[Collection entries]

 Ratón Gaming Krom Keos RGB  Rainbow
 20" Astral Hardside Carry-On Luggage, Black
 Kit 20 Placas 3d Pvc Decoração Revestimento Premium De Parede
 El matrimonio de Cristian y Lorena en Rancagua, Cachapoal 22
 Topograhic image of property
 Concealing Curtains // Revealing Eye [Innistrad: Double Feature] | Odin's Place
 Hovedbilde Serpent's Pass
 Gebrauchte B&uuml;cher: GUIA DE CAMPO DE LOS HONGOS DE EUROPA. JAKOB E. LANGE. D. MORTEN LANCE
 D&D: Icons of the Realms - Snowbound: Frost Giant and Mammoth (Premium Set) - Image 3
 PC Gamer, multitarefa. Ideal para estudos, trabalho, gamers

◆ **WHAT IS EXPECTED**
Set down no line except those from the one with "Concealing Curtains //" to the last line of the data, inclusive, each exactly as written.

◆ **COMPLETED TASK**
 Concealing Curtains // Revealing Eye [Innistrad: Double Feature] | Odin's Place
 Hovedbilde Serpent's Pass
 Gebrauchte B&uuml;cher: GUIA DE CAMPO DE LOS HONGOS DE EUROPA. JAKOB E. LANGE. D. MORTEN LANCE
 D&D: Icons of the Realms - Snowbound: Frost Giant and Mammoth (Premium Set) - Image 3
 PC Gamer, multitarefa. Ideal para estudos, trabalho, gamers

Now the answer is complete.